O muzyce:
Nie słyszałem wcześniej o tych artystach, wyczytałem entuzjastyczną recenzję i pomyślałem, że na jesienna słotę dobrze mieć w domu cos południowoamerykańskiego a właśnie była połowa października. Czekałem miesiąc na dostawę ale było warto. Dwu panów i pani plus skąpe lecz wystarczające instrumentarium, charakterystyczne dla położenia geograficznego, tworzą wspaniała atmosferę fiesty. Słyszysz bez mała te fale liżące brzegi Capocabany, prawie fizycznie czujesz pod stopami drobny biały piasek, zapachy. Nikt tu sie nie spieszy włącznie z muzykami i wokalistami. Lekko odświeżone, przyprawione nowoczesną aranżacja rumby, samby pięknie zagrane i zaśpiewane.
Nie jest to może materiał wybitny pod względem muzycznym ale bardzo, bardzo wciągajacy w warstwie rytmicznej, melodyjny.
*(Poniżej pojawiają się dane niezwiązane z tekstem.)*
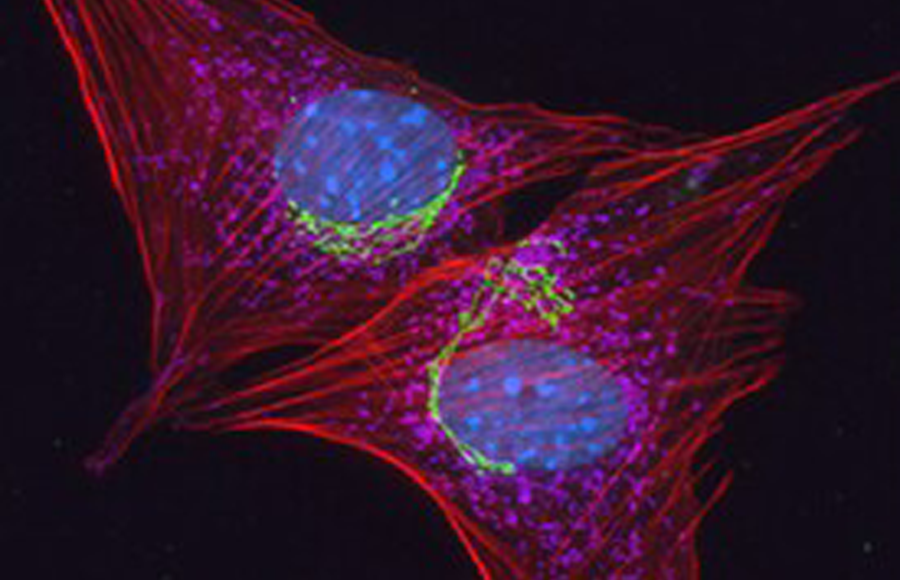 Stained NIH 3T3 mouse fibroblasts Microscopic view of mouse fibroblasts with golgi, mitochondria and nuclei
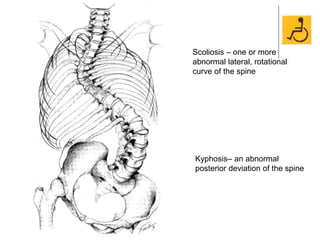 Scoliosis – one or more
abnormal lateral, rotational
curve of the spine
Kyphosis– an abnormal
posterior deviation of the spine
 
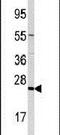 Trafficking Protein Particle Complex 4 antibody, PA5-11522, Invitrogen Antibodies, Western Blot image 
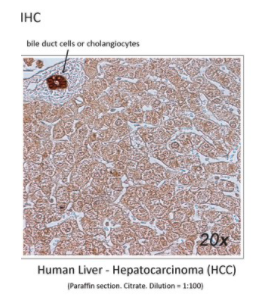 Mouse Anti-ANXA4 (Annexin A4) monoclonal antibody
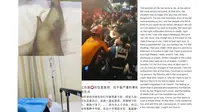 Salah satu korban yang terjepit diantara kerumunan pesta halloween di Itaewon membagikan kisah dan kesaksiannya atas tragedi maut tersebut pada Minggu, (30/10/22) (Liputan6.com/Qorry Layla Aprianti)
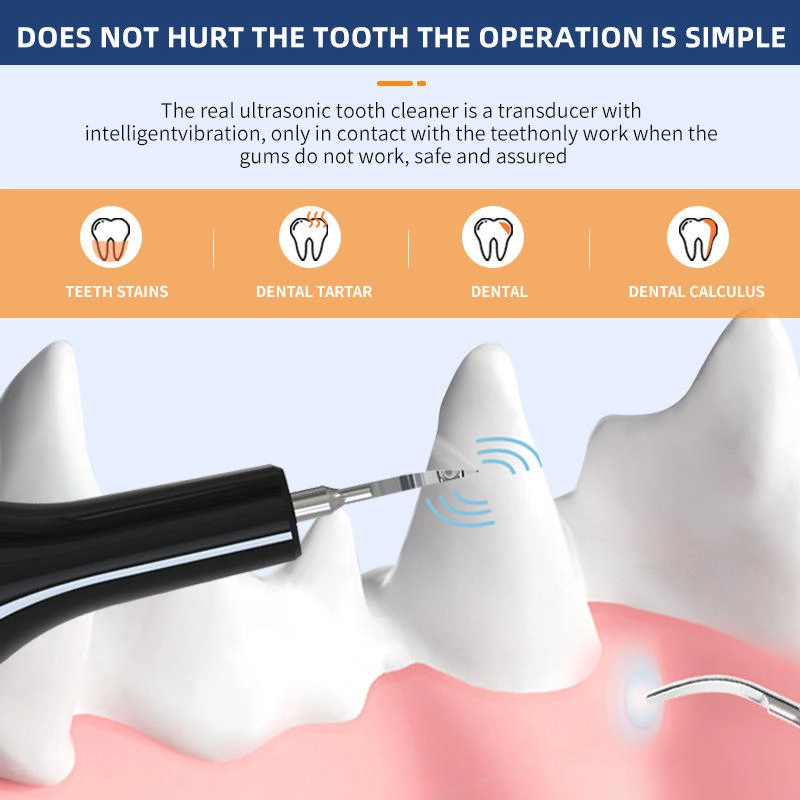 Pawty Global Wholesale Smart Ultrasonic Pet Dental Scaler with Negative Ion Technology - Image 6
Płyta bardzo równa zarówno stylistycznie jak i pod względem jakości prezentacji tak więc trudno wyróżnić poszczególne numery gdybym musiał to powiedziełbym
Carnavalia, Um a Um, Velha Infancia, Ja Sei Namorar, Tribalistas
Latynoskie klezmerstwo artystyczne wysokiej klasy.
O dźwięku:
Płyta zrealizowana niezwykle starannie a powiedziałbym wzorowo. Dźwięk bardzo przestrzenny, dużo bardzo miłego w odsłuchu basu (elektronicznej jak sądzę proweniencji). Podobny Copy Controlled CD miewa uposledzony dźwięk ale to trudno sie przyczepić.